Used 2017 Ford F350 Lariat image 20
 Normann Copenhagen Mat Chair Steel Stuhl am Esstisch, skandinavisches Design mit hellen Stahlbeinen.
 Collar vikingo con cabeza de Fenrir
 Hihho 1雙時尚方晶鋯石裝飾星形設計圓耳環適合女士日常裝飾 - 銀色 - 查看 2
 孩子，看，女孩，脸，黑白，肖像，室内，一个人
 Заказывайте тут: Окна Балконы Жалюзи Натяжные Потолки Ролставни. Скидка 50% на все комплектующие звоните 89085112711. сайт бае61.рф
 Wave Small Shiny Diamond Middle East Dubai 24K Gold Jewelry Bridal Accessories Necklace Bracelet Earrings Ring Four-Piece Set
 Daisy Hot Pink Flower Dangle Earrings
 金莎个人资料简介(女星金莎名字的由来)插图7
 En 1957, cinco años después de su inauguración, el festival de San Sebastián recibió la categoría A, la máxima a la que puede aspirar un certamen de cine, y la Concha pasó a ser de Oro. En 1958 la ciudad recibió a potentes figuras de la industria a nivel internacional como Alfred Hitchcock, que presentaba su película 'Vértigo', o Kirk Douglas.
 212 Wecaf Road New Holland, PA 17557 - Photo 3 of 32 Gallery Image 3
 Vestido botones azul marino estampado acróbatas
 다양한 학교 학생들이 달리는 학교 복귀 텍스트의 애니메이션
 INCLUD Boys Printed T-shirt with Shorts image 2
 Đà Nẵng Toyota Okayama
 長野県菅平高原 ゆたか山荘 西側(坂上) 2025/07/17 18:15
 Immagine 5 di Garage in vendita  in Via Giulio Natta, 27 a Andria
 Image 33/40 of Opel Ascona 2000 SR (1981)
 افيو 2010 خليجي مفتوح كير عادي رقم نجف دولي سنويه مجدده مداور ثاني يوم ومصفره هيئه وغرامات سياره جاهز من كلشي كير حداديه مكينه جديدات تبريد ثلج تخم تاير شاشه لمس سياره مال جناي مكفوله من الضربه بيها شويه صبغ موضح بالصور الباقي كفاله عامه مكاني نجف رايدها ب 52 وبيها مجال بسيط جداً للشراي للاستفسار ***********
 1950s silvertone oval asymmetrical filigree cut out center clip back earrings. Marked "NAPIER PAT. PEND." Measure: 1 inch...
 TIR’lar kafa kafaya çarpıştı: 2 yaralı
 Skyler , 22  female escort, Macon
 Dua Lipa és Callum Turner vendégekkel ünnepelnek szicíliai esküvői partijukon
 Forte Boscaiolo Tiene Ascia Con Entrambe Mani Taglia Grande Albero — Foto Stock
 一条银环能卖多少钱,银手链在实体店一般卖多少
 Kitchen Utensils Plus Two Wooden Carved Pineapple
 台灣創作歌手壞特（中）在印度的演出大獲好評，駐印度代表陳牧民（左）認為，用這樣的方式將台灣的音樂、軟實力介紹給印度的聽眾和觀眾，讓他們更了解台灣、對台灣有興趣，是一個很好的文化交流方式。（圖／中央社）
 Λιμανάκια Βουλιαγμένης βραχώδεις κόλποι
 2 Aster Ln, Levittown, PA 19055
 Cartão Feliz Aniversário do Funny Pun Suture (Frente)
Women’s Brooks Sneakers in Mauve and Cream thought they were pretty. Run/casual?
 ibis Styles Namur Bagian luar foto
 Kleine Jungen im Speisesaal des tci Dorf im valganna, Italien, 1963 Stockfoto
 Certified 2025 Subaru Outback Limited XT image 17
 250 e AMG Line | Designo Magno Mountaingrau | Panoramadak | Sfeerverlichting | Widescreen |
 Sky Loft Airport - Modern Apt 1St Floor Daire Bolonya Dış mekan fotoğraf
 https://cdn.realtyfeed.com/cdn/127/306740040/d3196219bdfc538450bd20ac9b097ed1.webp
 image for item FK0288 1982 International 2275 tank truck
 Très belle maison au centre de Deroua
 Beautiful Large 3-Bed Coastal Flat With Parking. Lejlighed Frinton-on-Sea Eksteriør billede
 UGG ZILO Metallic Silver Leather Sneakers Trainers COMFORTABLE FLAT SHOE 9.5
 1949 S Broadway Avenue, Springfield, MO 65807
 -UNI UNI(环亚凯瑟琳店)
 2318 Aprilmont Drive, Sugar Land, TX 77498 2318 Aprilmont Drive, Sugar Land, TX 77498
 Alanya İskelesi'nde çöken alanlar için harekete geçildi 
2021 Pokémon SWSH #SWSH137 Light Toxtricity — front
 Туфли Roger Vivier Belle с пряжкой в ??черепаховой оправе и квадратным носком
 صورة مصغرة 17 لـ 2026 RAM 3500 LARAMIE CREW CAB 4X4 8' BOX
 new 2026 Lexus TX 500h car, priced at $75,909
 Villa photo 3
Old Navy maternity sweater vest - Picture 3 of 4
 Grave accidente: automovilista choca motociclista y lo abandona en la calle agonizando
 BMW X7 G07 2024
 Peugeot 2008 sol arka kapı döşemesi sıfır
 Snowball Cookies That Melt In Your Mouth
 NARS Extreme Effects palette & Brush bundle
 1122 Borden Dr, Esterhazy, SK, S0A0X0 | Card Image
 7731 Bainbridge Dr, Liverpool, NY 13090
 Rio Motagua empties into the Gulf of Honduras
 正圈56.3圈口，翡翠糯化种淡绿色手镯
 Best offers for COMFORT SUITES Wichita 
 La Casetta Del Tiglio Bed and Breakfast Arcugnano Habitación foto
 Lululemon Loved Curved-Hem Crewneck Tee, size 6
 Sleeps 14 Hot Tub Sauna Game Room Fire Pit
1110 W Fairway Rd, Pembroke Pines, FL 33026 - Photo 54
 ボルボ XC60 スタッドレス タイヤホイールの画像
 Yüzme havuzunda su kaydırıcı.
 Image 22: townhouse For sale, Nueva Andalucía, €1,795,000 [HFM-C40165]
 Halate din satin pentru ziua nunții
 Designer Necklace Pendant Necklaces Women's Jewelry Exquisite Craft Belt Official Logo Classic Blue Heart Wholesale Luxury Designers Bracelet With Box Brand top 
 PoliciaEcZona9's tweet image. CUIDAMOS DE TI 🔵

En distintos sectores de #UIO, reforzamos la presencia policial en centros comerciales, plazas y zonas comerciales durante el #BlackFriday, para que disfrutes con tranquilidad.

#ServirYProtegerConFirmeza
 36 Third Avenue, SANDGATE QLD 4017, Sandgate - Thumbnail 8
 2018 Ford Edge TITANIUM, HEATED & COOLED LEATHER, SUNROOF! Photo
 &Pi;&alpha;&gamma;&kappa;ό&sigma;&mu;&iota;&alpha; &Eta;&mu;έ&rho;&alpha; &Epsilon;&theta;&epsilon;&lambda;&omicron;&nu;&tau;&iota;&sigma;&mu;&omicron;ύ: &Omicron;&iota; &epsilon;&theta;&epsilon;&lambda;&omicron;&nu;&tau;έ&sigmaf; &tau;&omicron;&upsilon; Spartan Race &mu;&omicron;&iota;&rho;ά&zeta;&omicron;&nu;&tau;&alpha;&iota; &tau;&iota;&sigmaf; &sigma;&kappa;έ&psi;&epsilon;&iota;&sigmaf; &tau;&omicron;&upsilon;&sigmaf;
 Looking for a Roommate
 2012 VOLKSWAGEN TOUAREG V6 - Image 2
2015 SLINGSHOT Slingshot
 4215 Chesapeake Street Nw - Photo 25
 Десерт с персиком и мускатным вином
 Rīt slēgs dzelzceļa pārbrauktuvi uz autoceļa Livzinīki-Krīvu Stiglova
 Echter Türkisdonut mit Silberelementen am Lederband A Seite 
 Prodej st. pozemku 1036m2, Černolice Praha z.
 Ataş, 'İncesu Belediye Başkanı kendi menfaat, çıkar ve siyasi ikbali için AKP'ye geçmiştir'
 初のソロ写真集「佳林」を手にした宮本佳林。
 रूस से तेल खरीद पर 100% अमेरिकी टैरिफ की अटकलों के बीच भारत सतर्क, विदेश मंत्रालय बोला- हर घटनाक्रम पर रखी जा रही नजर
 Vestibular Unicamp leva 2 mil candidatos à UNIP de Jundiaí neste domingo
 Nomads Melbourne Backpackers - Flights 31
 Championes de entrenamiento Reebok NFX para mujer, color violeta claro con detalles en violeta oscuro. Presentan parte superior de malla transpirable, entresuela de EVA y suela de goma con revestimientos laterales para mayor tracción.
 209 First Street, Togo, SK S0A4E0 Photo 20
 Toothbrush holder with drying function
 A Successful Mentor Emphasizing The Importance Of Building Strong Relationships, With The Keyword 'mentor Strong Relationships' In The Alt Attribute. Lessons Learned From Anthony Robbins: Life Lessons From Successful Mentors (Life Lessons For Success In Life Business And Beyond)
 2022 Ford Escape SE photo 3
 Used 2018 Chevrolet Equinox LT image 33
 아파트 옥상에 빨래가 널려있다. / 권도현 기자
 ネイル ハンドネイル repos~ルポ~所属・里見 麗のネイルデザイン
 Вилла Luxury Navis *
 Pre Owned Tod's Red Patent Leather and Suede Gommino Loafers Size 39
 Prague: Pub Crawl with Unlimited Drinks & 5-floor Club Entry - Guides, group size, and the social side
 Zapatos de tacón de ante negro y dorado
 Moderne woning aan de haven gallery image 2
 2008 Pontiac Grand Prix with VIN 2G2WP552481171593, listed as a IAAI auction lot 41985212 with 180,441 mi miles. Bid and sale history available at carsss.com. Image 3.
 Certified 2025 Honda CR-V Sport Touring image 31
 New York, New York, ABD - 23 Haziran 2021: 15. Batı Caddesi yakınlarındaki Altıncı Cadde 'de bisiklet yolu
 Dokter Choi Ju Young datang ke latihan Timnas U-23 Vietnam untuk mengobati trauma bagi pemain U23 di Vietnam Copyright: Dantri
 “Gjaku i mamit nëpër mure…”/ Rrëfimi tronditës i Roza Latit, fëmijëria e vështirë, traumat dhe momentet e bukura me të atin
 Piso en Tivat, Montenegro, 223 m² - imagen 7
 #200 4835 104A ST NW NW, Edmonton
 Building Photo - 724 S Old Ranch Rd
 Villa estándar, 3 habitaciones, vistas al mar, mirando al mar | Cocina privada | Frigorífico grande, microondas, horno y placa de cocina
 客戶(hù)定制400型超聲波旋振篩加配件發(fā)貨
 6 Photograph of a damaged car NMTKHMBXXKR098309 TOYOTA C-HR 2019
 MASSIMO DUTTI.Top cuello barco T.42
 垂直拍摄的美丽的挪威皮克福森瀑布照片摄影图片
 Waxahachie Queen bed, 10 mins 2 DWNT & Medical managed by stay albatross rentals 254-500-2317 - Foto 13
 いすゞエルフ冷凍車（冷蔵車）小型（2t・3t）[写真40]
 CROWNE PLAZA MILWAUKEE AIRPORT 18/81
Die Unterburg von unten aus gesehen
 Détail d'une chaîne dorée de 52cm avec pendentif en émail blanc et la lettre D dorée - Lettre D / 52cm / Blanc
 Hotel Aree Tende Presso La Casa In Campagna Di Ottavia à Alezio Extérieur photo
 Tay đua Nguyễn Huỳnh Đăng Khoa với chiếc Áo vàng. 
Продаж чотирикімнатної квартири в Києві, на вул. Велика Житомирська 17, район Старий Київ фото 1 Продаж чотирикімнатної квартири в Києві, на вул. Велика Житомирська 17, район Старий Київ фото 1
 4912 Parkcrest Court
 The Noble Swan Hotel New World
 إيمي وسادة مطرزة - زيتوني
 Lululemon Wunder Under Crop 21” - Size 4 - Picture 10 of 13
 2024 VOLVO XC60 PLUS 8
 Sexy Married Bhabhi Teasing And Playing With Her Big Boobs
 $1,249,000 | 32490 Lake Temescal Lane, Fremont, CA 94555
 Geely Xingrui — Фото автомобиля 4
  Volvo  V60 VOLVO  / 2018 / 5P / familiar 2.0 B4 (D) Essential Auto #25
# # #
_PROBLEM DESCRIPTION_.
Give back the opening line of the records above and every line after it, up to and including the one with "孩子，看，女孩，脸，黑白，肖像，室内，一个人", unchanged.

_ANSWER FOR THE TASK_.
Used 2017 Ford F350 Lariat image 20
 Normann Copenhagen Mat Chair Steel Stuhl am Esstisch, skandinavisches Design mit hellen Stahlbeinen.
 Collar vikingo con cabeza de Fenrir
 Hihho 1雙時尚方晶鋯石裝飾星形設計圓耳環適合女士日常裝飾 - 銀色 - 查看 2
 孩子，看，女孩，脸，黑白，肖像，室内，一个人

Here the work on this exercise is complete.